Ad Agadez, snodo di ogni traffico sahariano, l’Organizzazione internazionale per le migrazioni (Oim) tiene aperto da un paio d’anni un grande Centro di Transito in grado di ospitare fino a mille persone. Lo scopo? Offrire assistenza ai migranti, ma al tempo stesso incoraggiarli a far ritorno volontario nei Paesi d’origine.
L’ultimo bivio
Vigliaroni, operatrice della ong Coopi in Niger, ha le idee chiare in proposito. «L’utilità di questi centri è limitata in gran parte a quanti, dopo i soprusi patiti in Libia, Algeria o Egitto, decidono spontaneamente di rientrare, ma hanno bisogno di assistenza per tornare a casa». In tanti giungono in Niger senza soldi, avendo speso, nei vari passaggi, il magro gruzzolo con il quale erano partiti. Altri vi approdano stremati dalla fatica e dalle malattie. Gli africani che sbarcano in Italia sono già stati sottoposti a diverse “selezioni”: secondo l’ultimo rapporto della rete Global Initiative, solo il 15 per cento dei migranti subsahariani raggiunge il Mediterraneo.
Ad Agadez le strade dei migranti diretti a nord si dividono: le donne sole o con figli a seguito vengono spesso dirottate dai trafficanti verso l’Algeria con la promessa di un impiego da domestiche (e una volta giunte oltre confine, sono costrette a prostituirsi). Gli uomini e i gruppi famigliari vengono indirizzati in Libia. L’ultimo bivio fra le due destinazioni è Séguédine, in pieno deserto. I pick-up usati dai trafficanti possono contenere fino a trenta persone.
Difficile fermarli
L’Italia ci prova a frenare l’esodo: da qualche mese è impegnata in una campagna d’informazione sui rischi, che prevede il dispiegamento lungo le strade nigerine di esperti con il compito di intercettare e dissuadere i “clandestini”. «Ma chi arriva qui ha già fatto tanta strada e tanti sacrifici – obietta Amadou –. E’ difficile che torni sui suoi passi».

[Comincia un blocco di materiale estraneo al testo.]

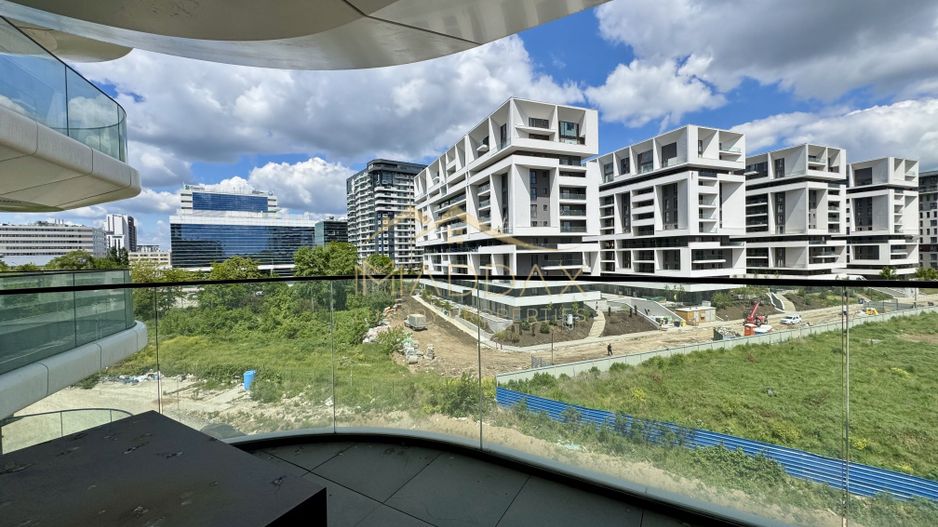 Apartament cu 4 camere // Floreasca - Poză 24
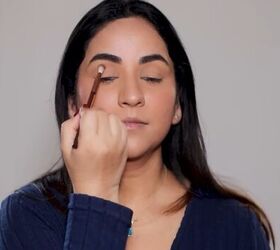 Creating an easy makeup look for mature skin​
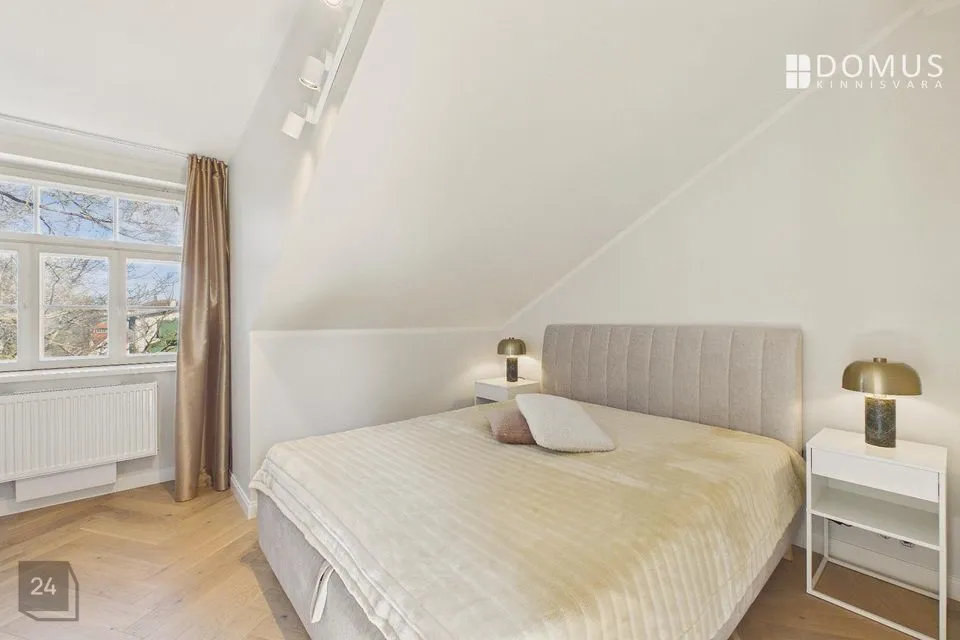 2-room apartment in Tallinn, Kesklinna linnaosa - photo 4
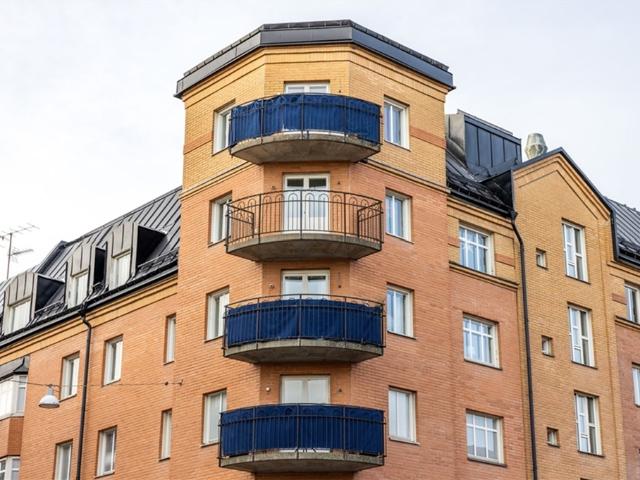 Hus hyra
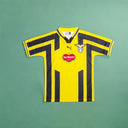 Rétro Lazio 98/99
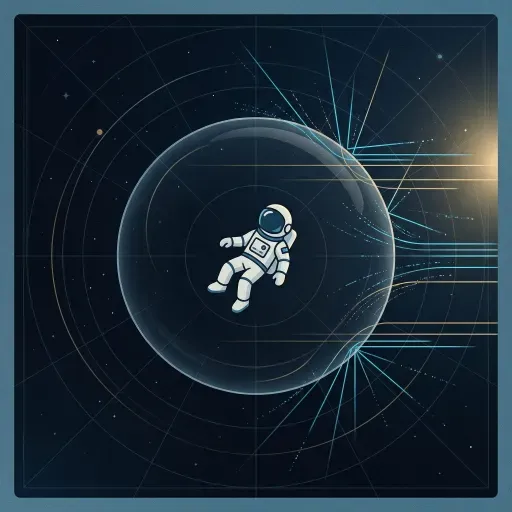 Is Space Trying to Kill Us? (Radiation)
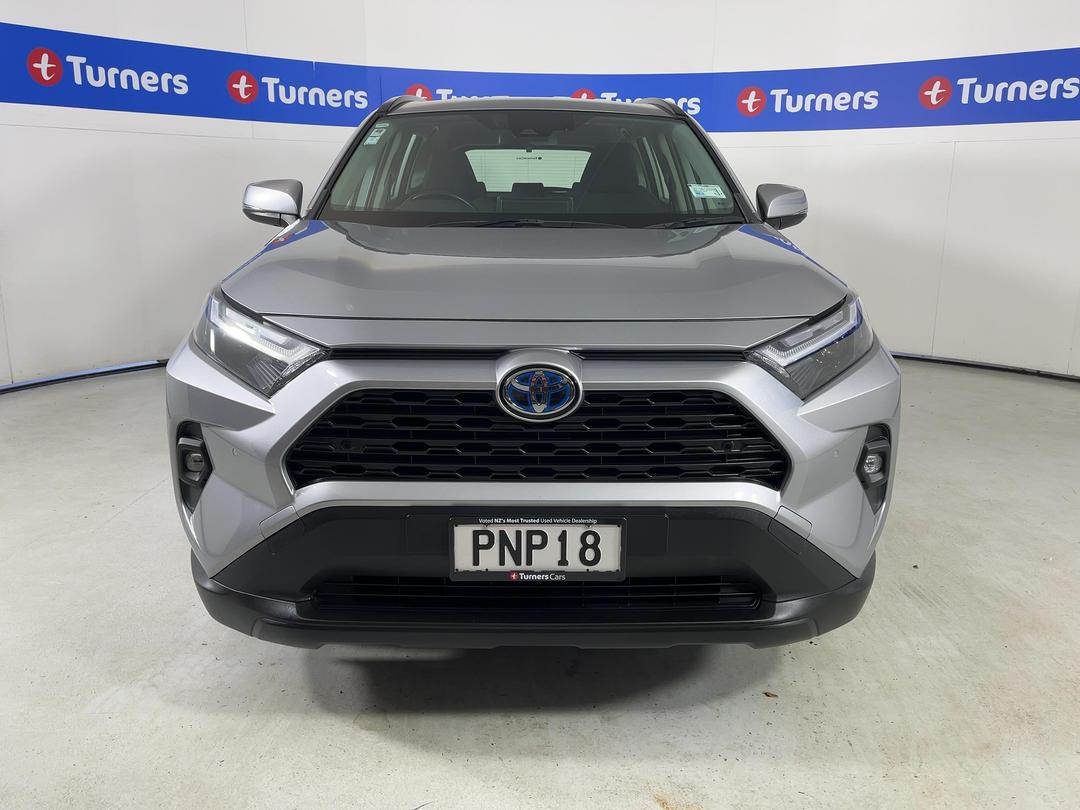 Photo '2' of Toyota Rav4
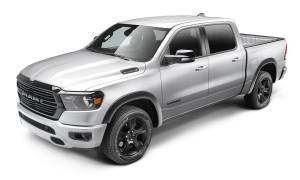 Husky Liners - Husky Liners 2805928 Fender Flares - Image 1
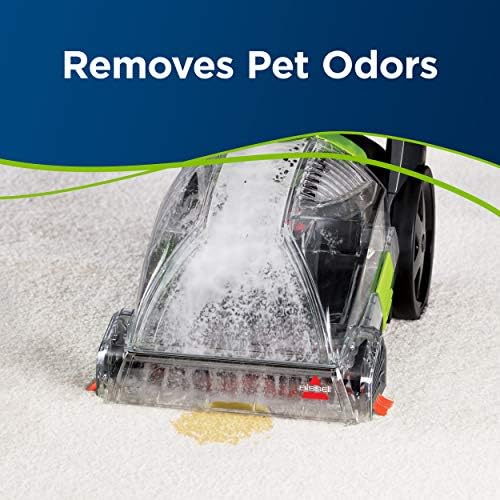 Bissell 2X Pet Stain Odor Carpet Cleaner Detergent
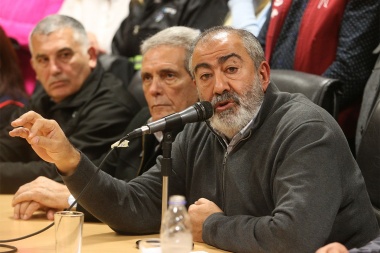 La CGT organiza un paro general para antes del 10 de abril y las dos CTA piden la renuncia de Bullrich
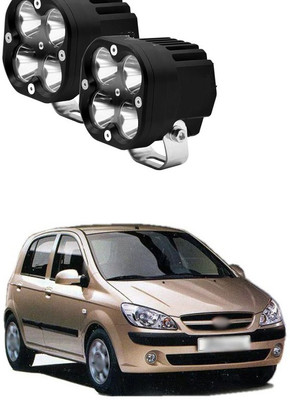 PECUNIA LED Fog Lamp Unit for Hyundai Getz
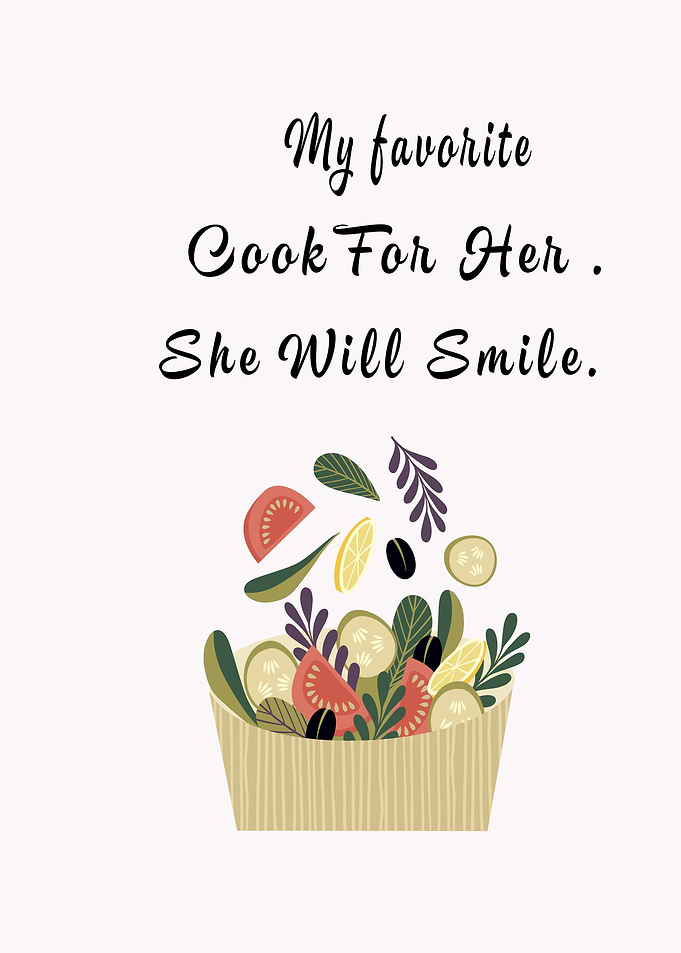 Cook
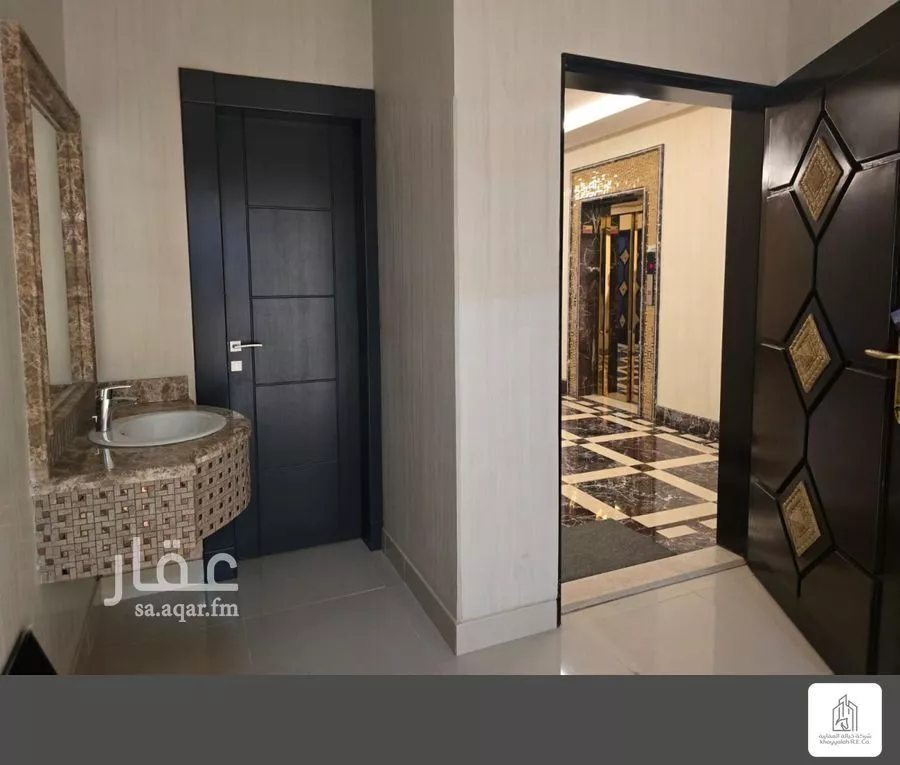 5 bedroom apartment in Al Malqa, Riyadh 7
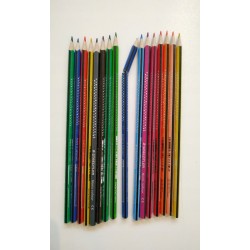 Kredki ołówkowe Staedtler 16 szt.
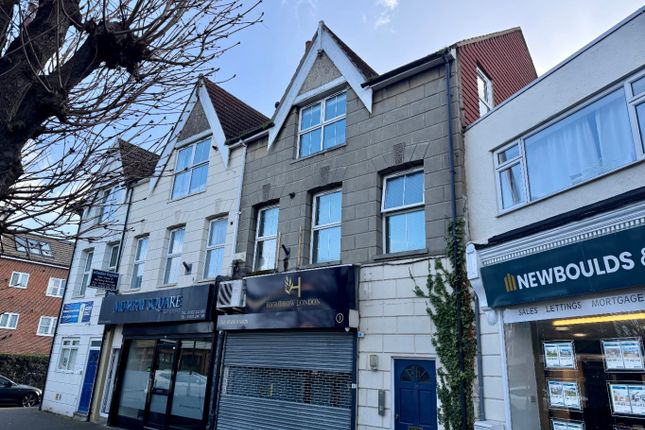 Studio, in Station Approach, £169,950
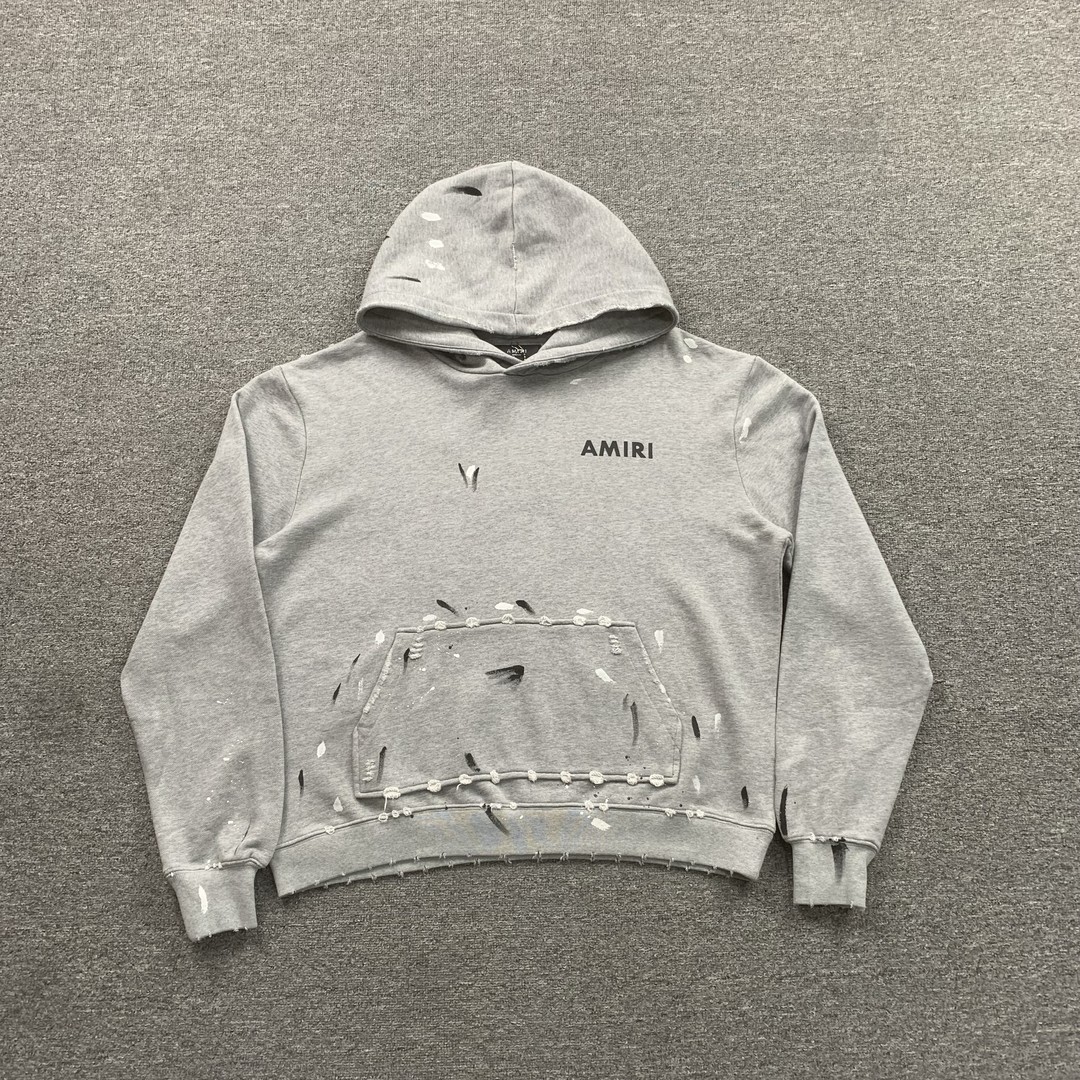 117_215 AMIRI Hoodie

Nel Centro di Transito di Agadez, di norma, le persone si fermano solo due o tre giorni: il tempo di organizzare il proseguimento del viaggio. Altri centri, di dimensioni molto minori, sono in pieno deserto, ad Arlit e Dirkou, in posizioni ancora più avanzate. «Sono fondamentali oasi di soccorso in mezzo al nulla», spiega Giuseppe Loprete, responsabile dell’Oim in Niger. «Non possiamo fermare il flusso dei migranti con la forza. Il territorio è vastissimo, le rotte cambiano in continuazione, e poi è giusto che le persone possano scegliere liberamente». Del resto, l’esperienza mostra che quanto più si mettono in atto dei sistemi di controllo, tanto più si forniscono occasioni di guadagno alle organizzazioni criminali. «Quello che possiamo fare è offrire valide alternative alla partenza. Ovvero fare in modo che l’eventuale decisione di emigrare sia davvero una scelta, e non un atto di disperazione».